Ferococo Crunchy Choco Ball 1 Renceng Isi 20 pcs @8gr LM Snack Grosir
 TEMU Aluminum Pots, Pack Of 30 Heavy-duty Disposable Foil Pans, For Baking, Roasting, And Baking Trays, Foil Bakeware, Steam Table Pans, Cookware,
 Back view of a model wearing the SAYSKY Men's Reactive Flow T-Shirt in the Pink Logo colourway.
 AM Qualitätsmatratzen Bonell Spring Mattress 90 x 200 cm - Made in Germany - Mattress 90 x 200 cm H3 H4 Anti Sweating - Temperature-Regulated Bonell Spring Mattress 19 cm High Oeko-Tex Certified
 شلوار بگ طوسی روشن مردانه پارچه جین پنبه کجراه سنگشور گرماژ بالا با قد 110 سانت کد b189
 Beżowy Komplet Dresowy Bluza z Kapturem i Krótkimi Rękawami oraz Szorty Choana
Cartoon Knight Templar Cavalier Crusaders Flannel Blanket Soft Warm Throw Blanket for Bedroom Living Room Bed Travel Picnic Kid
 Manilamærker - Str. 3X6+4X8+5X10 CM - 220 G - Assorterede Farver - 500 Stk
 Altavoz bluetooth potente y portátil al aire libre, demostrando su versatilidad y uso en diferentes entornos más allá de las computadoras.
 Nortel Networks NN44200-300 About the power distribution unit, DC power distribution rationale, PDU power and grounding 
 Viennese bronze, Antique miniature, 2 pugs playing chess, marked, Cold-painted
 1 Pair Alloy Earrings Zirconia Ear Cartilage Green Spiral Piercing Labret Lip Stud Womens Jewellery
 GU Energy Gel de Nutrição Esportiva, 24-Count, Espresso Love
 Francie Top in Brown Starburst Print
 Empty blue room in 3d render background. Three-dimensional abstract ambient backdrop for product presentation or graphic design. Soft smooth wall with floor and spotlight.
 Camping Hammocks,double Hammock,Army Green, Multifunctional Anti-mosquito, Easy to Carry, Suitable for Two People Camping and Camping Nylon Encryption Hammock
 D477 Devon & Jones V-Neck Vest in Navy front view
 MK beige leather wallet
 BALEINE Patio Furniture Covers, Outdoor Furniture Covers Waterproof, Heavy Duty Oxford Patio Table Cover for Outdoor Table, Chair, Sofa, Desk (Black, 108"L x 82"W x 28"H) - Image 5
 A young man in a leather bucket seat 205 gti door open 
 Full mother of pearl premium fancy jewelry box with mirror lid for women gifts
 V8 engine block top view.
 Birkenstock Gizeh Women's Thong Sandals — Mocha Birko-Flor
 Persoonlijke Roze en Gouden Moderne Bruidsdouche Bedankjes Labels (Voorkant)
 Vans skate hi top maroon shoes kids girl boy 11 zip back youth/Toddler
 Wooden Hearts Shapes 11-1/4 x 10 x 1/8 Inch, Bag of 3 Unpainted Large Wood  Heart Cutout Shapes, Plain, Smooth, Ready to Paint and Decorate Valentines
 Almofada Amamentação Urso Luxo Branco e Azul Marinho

Work to complete
The response should hold only an exact repeat of the lines from the one with "MK beige leather wallet" to the final line of the listing above.

Result of the task
 MK beige leather wallet
 BALEINE Patio Furniture Covers, Outdoor Furniture Covers Waterproof, Heavy Duty Oxford Patio Table Cover for Outdoor Table, Chair, Sofa, Desk (Black, 108"L x 82"W x 28"H) - Image 5
 A young man in a leather bucket seat 205 gti door open 
 Full mother of pearl premium fancy jewelry box with mirror lid for women gifts
 V8 engine block top view.
 Birkenstock Gizeh Women's Thong Sandals — Mocha Birko-Flor
 Persoonlijke Roze en Gouden Moderne Bruidsdouche Bedankjes Labels (Voorkant)
 Vans skate hi top maroon shoes kids girl boy 11 zip back youth/Toddler
 Wooden Hearts Shapes 11-1/4 x 10 x 1/8 Inch, Bag of 3 Unpainted Large Wood  Heart Cutout Shapes, Plain, Smooth, Ready to Paint and Decorate Valentines
 Almofada Amamentação Urso Luxo Branco e Azul Marinho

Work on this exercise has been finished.